Investigation of Multiphase Relationship for Quantum Search Algorithm

假设给定一个总数为N的无序数据库,极其复杂的计算使得几乎不可能建立一个精确的数学公式来描述这个结论:在二维复子空间中,对于一个等幅分布的初始态,存在两个定义在实数域上的相位旋转角集合以使得唯一的目标态能以100%的成功概率找到;文中采取了一种近似的计算方法,通过归纳法推导出了多相位匹配方程.倘若其中一个相位旋转角集合中的元素个数j相对于N(N足够大)较小,则该方程就能保证唯一的目标态以较高的成功概率找到.接着,通过文中推导出的一个递推关系式,对任意给定的j>2,分析了Long算法的计算复杂性.最后,通过一些数值模拟的实例进一步验证了多相位匹配方程的有效性.

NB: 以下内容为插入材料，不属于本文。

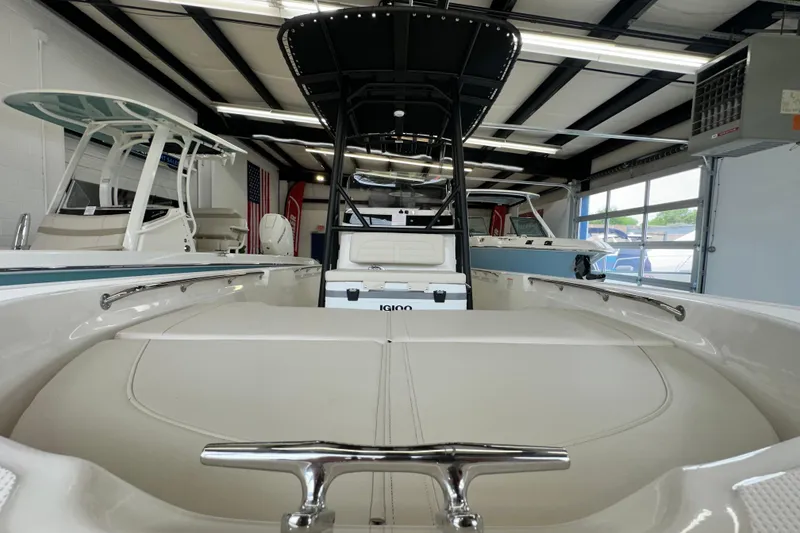 Slide: The Image of 2026 Boston Whaler 190 Montauk boat interior in showroom, showcasing sleek design and modern features. - 26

Suppose we are given an unsorted database of size N.Whereas the extremely complicated calculations make it almost impossible to establish a precise mathematical formulation to describe the conclusion that for a uniform initial amplitude distribution,there exist two sets of the phase rotation angles defined in the real domain such that a unique desired state can be found with certainty in a two-dimensional complex subspace,we resorted to an approximate computational method for simplifying the calculations and thus derived the multiphase matching equation by induction.This equation guarantees that a unique desired state can be found with high success probability provided the number j of elements in one of the sets of the phase rotation angles is relatively small compared to N（N is sufficiently large）.In this case,for any given j2,we analyze the computational complexity of Long algorithm by exploiting a recurrence relation derived in this paper.Finally,we further verify the validity of the multiphase matching equation by some examples of numerical simulation.